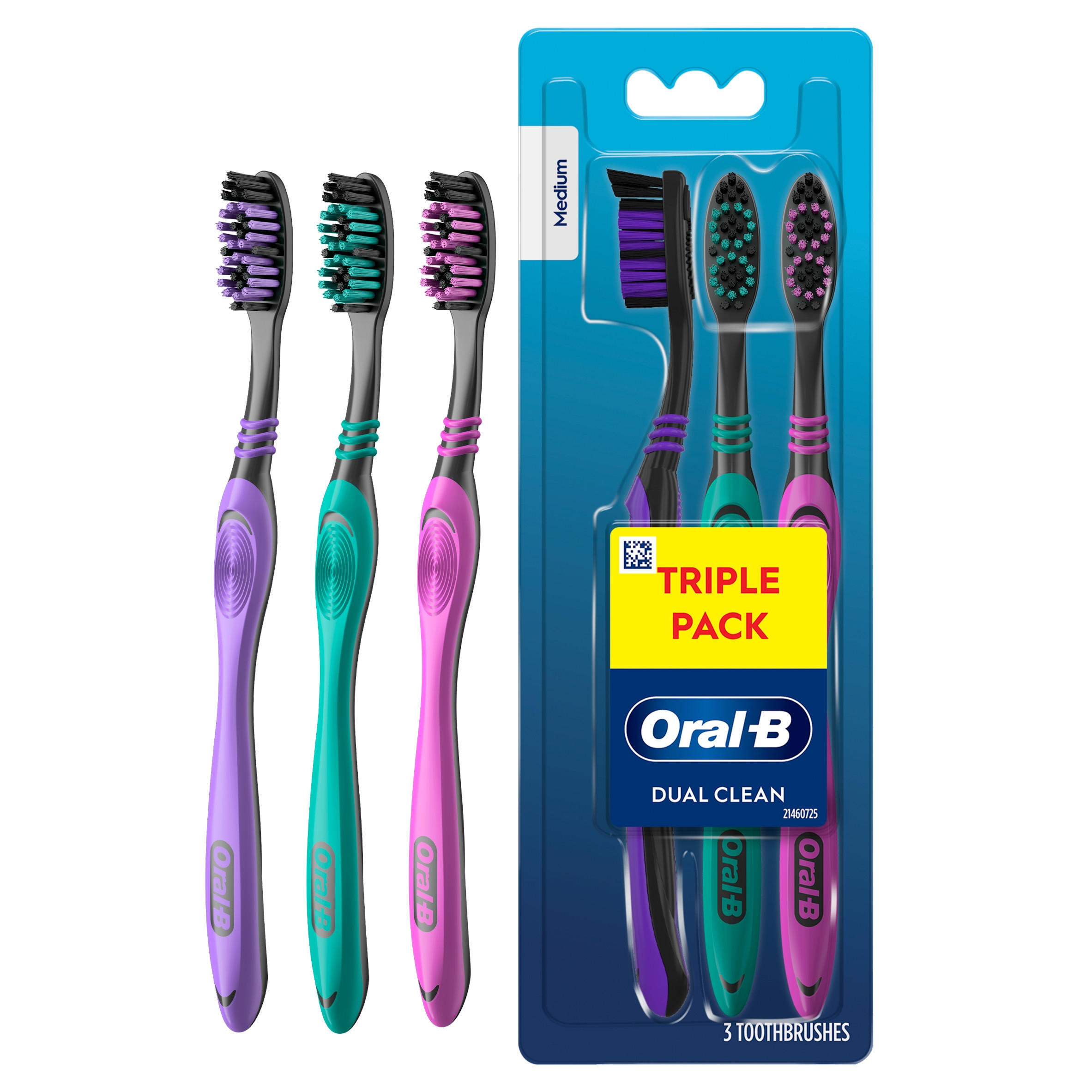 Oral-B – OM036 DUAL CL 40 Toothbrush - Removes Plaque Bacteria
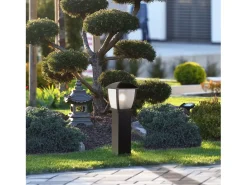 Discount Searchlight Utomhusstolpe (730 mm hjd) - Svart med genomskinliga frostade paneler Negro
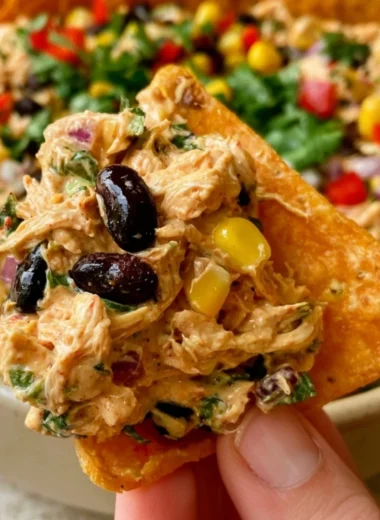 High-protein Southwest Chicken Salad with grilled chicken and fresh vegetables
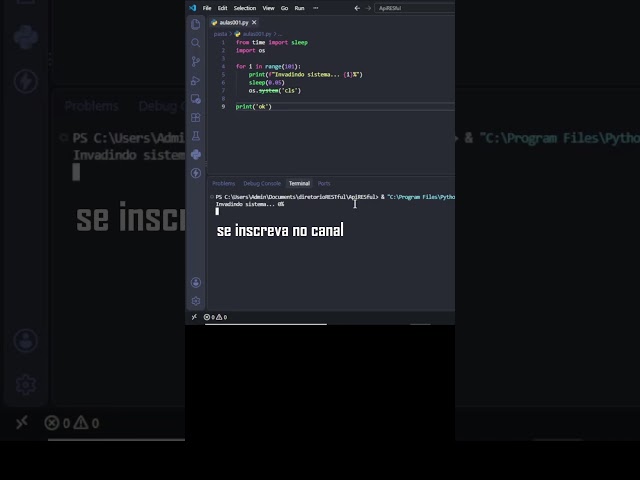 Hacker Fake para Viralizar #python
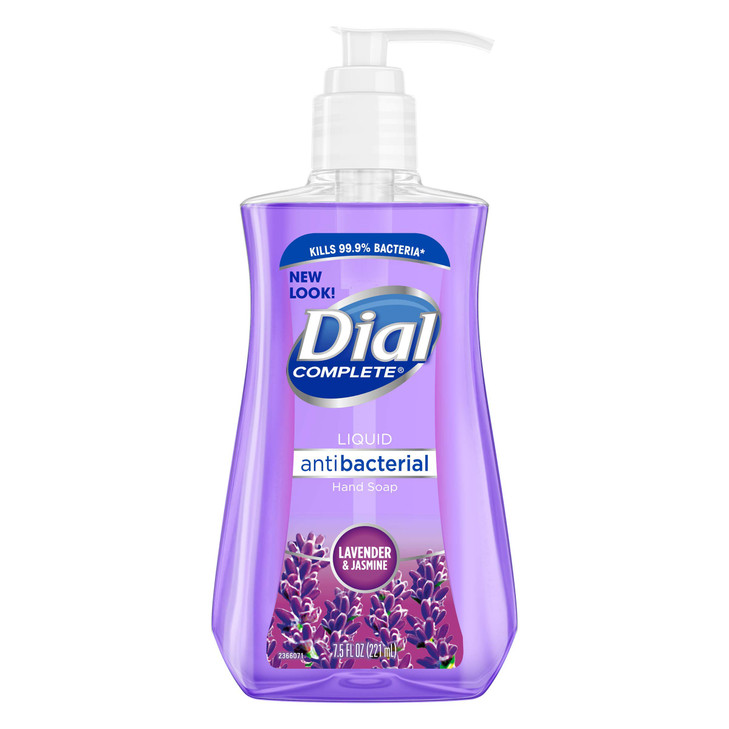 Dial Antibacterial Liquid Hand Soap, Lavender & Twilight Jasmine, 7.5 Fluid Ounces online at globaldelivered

▶ [PROBLEM DETAILS]: Nothing but an exact copy is needed, covering the lines from the line with "Hacker Fake para Viralizar #python" through the last line of the entries, pictures excluded.

▶ [TASK RESPONSE]:
 Hacker Fake para Viralizar #python
 Dial Antibacterial Liquid Hand Soap, Lavender & Twilight Jasmine, 7.5 Fluid Ounces online at globaldelivered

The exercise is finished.